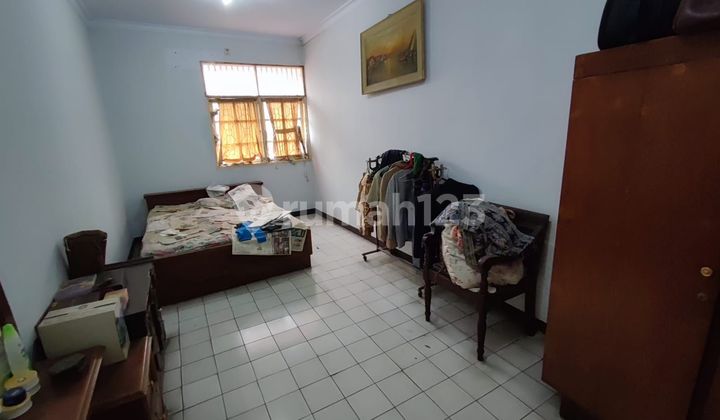 Rumah 2 Lantai SHM 10 Menit ke Stasiun Pondok Ranji Siap Huni J24686 2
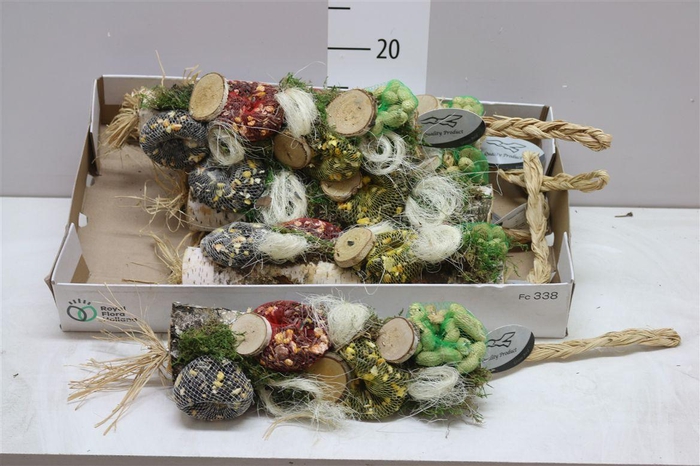 <h4>Vogelzaad Hangstaaf</h4>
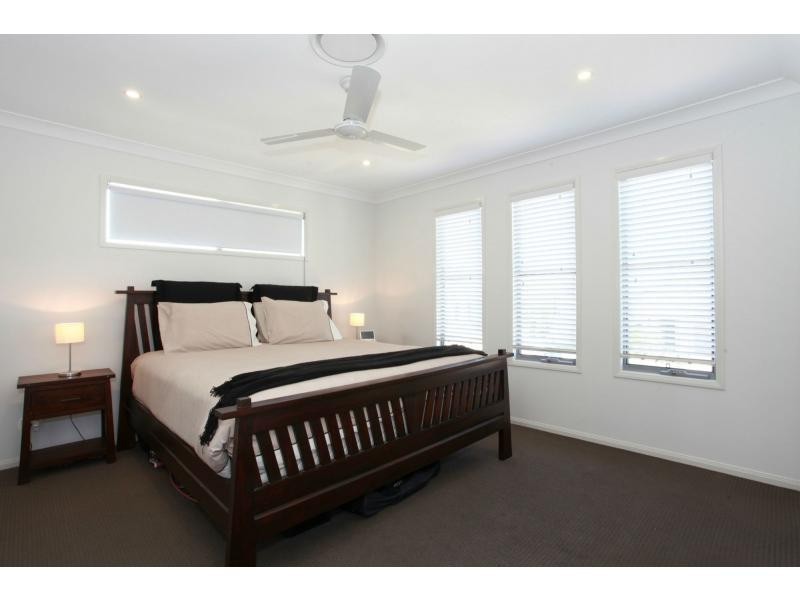 8 Highview Terrace, Murrumba Downs QLD 4503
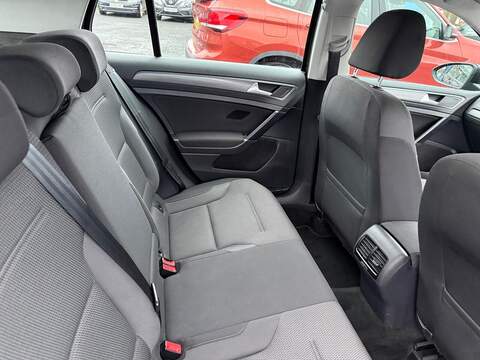 Volkswagen e-Golf 35.8kWh e-Golf Hatchback 5dr Electric Auto (136 ps) - U79764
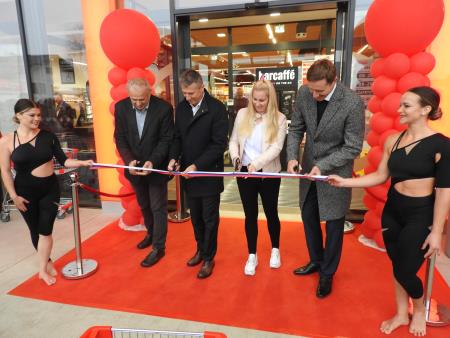 Trenutek slovesne  otvoritve nove trgovine Spar v Cerkljah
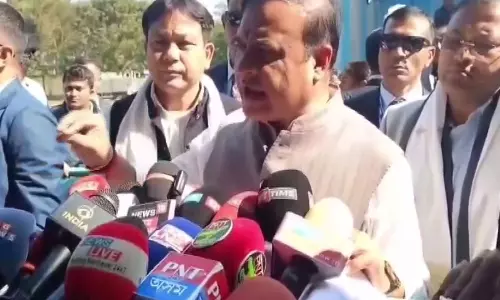 Assam के मुख्यमंत्री ने गमछा विवाद के बीच राहुल गांधी पर निशाना साधा Assam के मुख्यमंत्री ने गमछा विवाद के बीच राहुल गांधी पर निशाना साधा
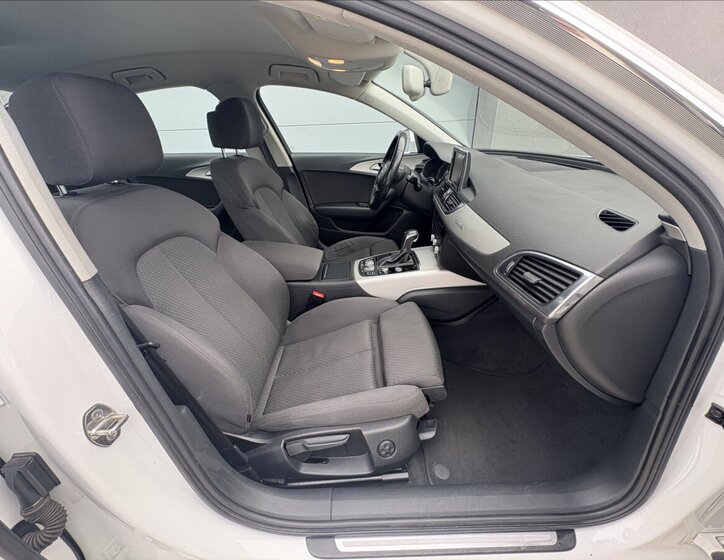 Audi A6 Sedan / Limuzína 3,0 l 160 kw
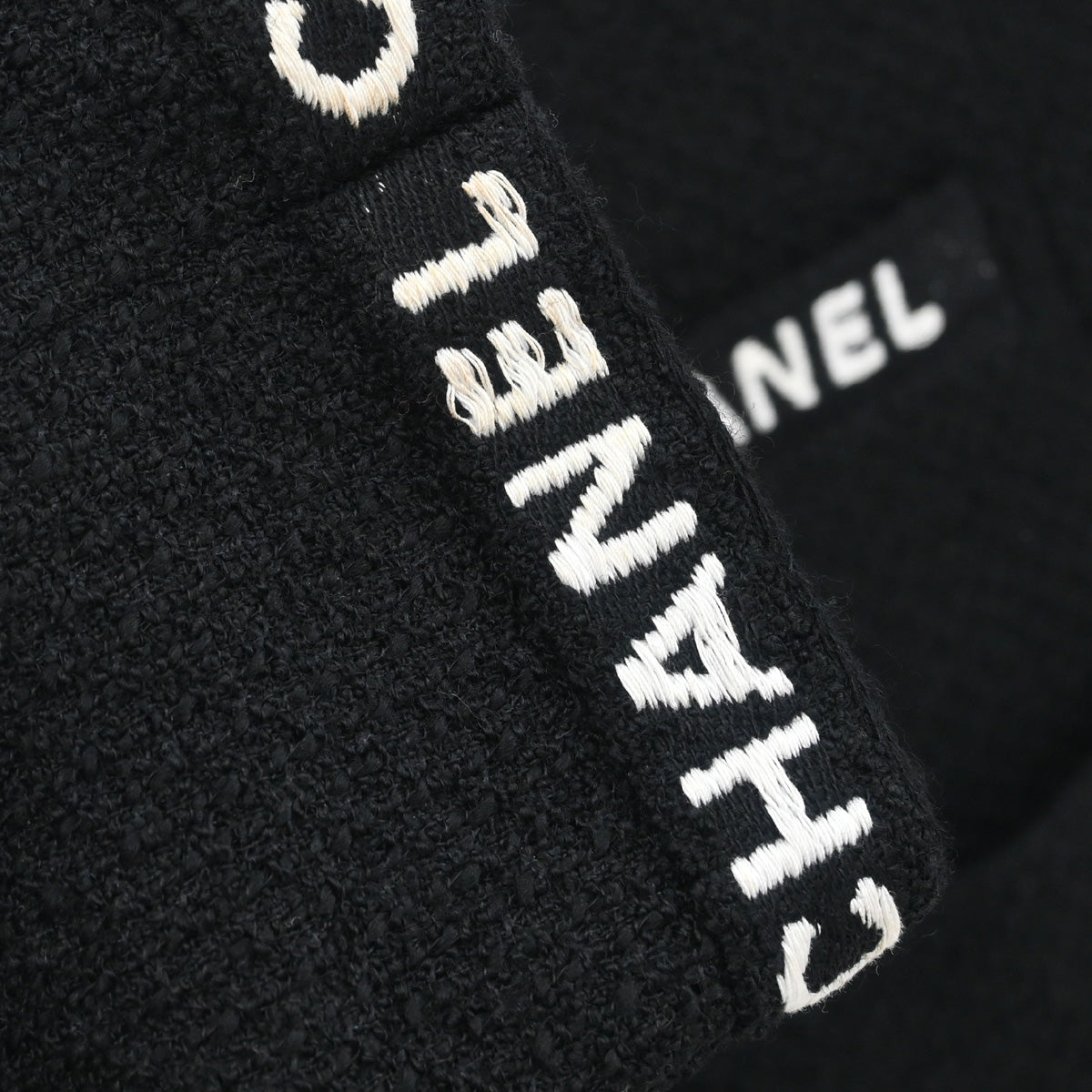 Chanel 1995 Single Breasted Jacket Black #38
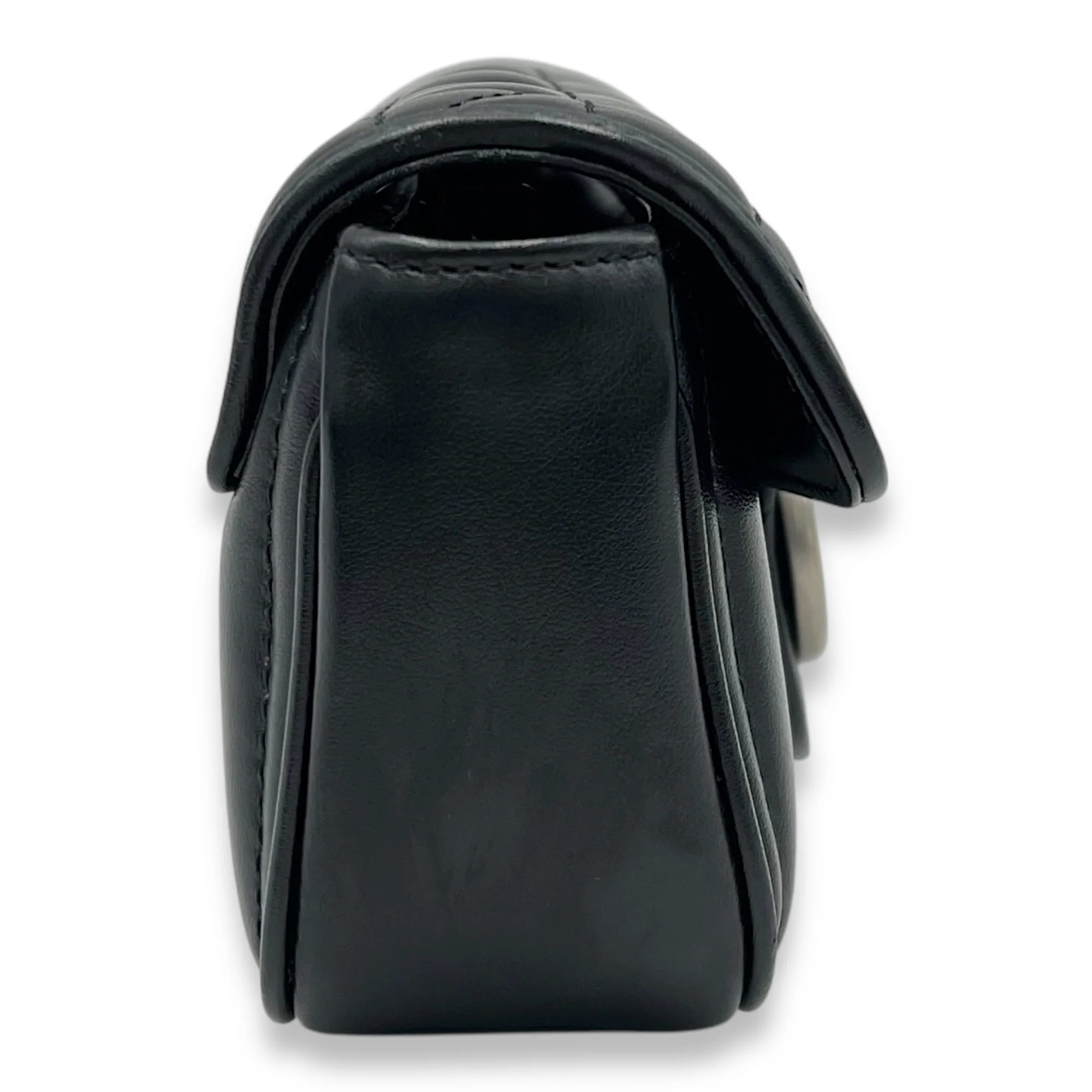 GG Marmont Super Mini Black Shoulder Bag in Calfskin, Silver hardware
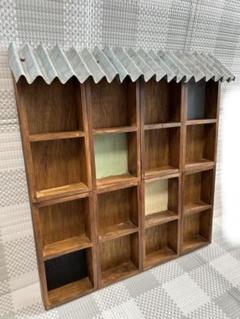 ブリキ屋根　壁掛け収納
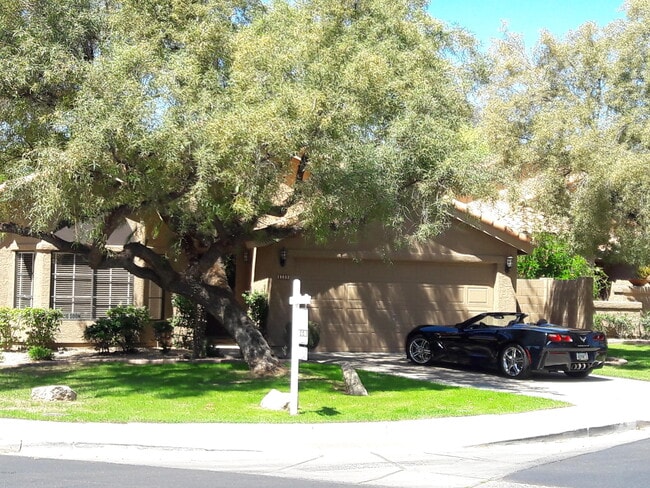 Building Photo - 15852 N 50th St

• EXERCISE DIRECTIONS: For each line above, output its wording exactly and leave out any picture.

• WRITTEN REPLY:
 Rumah 2 Lantai SHM 10 Menit ke Stasiun Pondok Ranji Siap Huni J24686 2
 <h4>Vogelzaad Hangstaaf</h4>
 8 Highview Terrace, Murrumba Downs QLD 4503
 Volkswagen e-Golf 35.8kWh e-Golf Hatchback 5dr Electric Auto (136 ps) - U79764
 Trenutek slovesne  otvoritve nove trgovine Spar v Cerkljah
 Assam के मुख्यमंत्री ने गमछा विवाद के बीच राहुल गांधी पर निशाना साधा Assam के मुख्यमंत्री ने गमछा विवाद के बीच राहुल गांधी पर निशाना साधा
 Audi A6 Sedan / Limuzína 3,0 l 160 kw
 Chanel 1995 Single Breasted Jacket Black #38
 GG Marmont Super Mini Black Shoulder Bag in Calfskin, Silver hardware
 ブリキ屋根　壁掛け収納
 Building Photo - 15852 N 50th St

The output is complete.